According to network-testing firm Ookla, T-Mobile is not using the Nokia equipment in New York City it inherited from Sprint to broadcast a 5G signal in its 2.5GHz spectrum. Instead, it's turning off Nokia's 5G signal in that spectrum band and using Ericsson equipment to transmit that signal.
However, T-Mobile continues to use Sprint's Nokia equipment to broadcast a 4G LTE signal. And the operator doesn't appear to be removing any Nokia equipment from any of its sites. At least not yet.
The development reflects the complex issues involved in T-Mobile's efforts to combine and unify its network with Sprint's network. It's an undertaking that will stretch across every single cell site owned by the two companies in cities around the country, and will involve equipment from Ericsson and Nokia (T-Mobile's 5G equipment vendors).
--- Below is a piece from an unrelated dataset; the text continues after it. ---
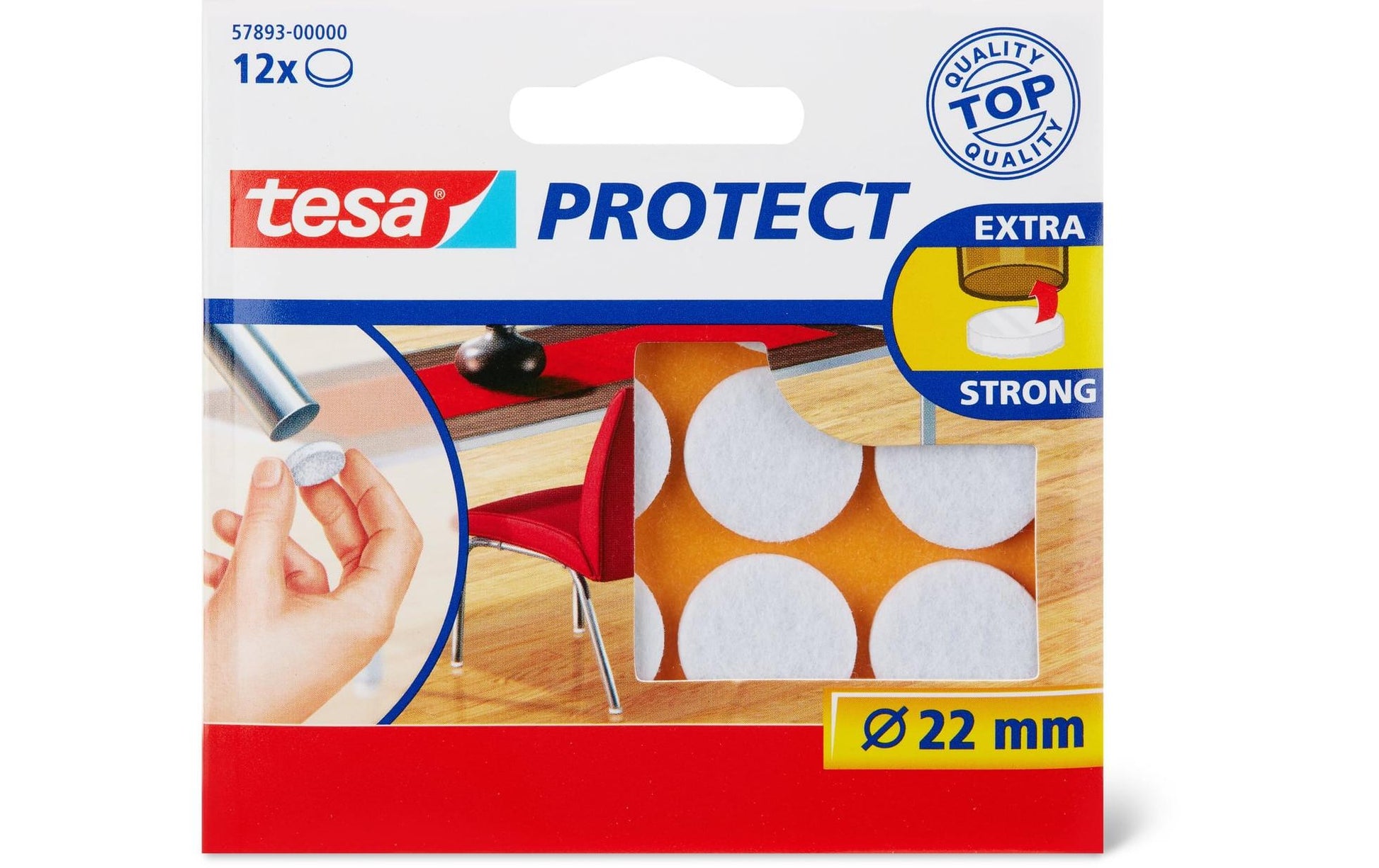 TESA Filzgleiter – Ø 22 mm – 12 Stück, selbstklebend, braun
However, T-Mobile is not offering any details about exactly how it will go about that work. What the company does in NYC might not be the same as what it does in other cities.
"Sprint and T-Mobile both like(d) to run with a primary vendor in a particular area so I wonder if you are not seeing some early rationalization going on with the 5G network," speculated analyst Chris Nicoll with ACG Research.
That said, T-Mobile's decision to stop using Nokia equipment for 2.5GHz 5G in the most populous city in the US is not a positive development for the vendor. And that's noteworthy considering Nokia delayed the launch of Sprint's initial 5G network.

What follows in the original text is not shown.